WHAT YOU NEED TO DO:
When you reach the line holding "笔记本键盘脏了怎么清洗 - 笔记本键盘上的油污怎么清理", please begin to restate the lines word for word and continue through the last one in the material, excluding pictures.

INFORMATION SHOWN:
++++++++++++++++++++
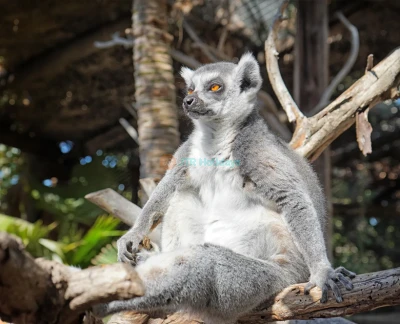 Jungle Park Ticket in Tenerife - Get your Jungle Park ticket and explore a tropical wildlife paradise in Tenerife. See exotic animals, thrilling bird of prey shows, and lush jungle landscapes. Walk through hanging bridges and adventure trails for an unforgettable experience. Enjoy nature, wildlife, and excitement at Jungle Park in Tenerife. Jungle Park Ticket in Tenerife - Image 5 of 5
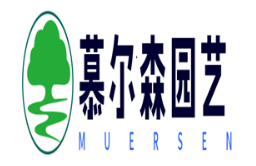 慕尔森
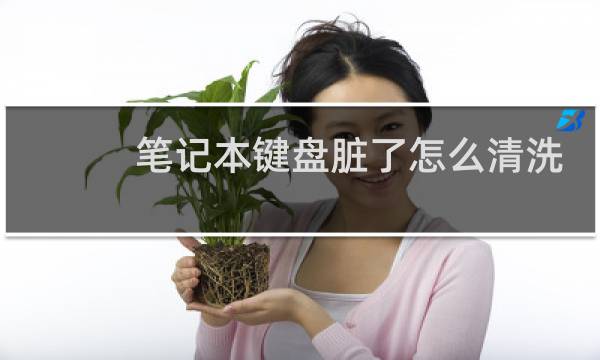 笔记本键盘脏了怎么清洗 - 笔记本键盘上的油污怎么清理
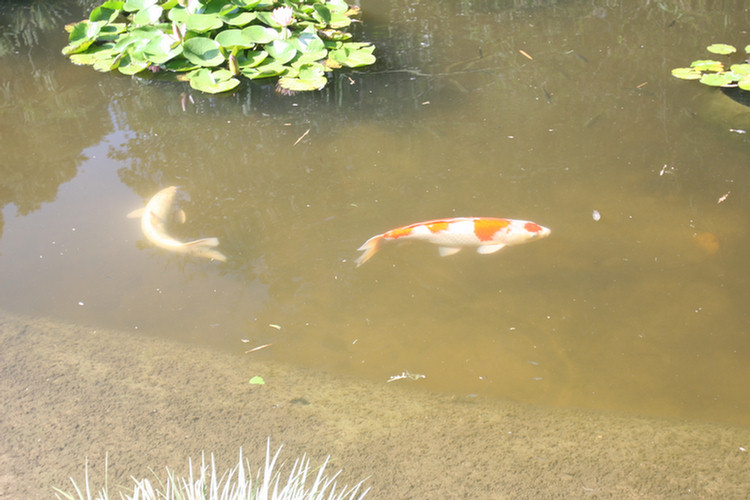 Huntington Library and Gardens August 2009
++++++++++++++++++++
YOUR RESPONSE:
 笔记本键盘脏了怎么清洗 - 笔记本键盘上的油污怎么清理
 Huntington Library and Gardens August 2009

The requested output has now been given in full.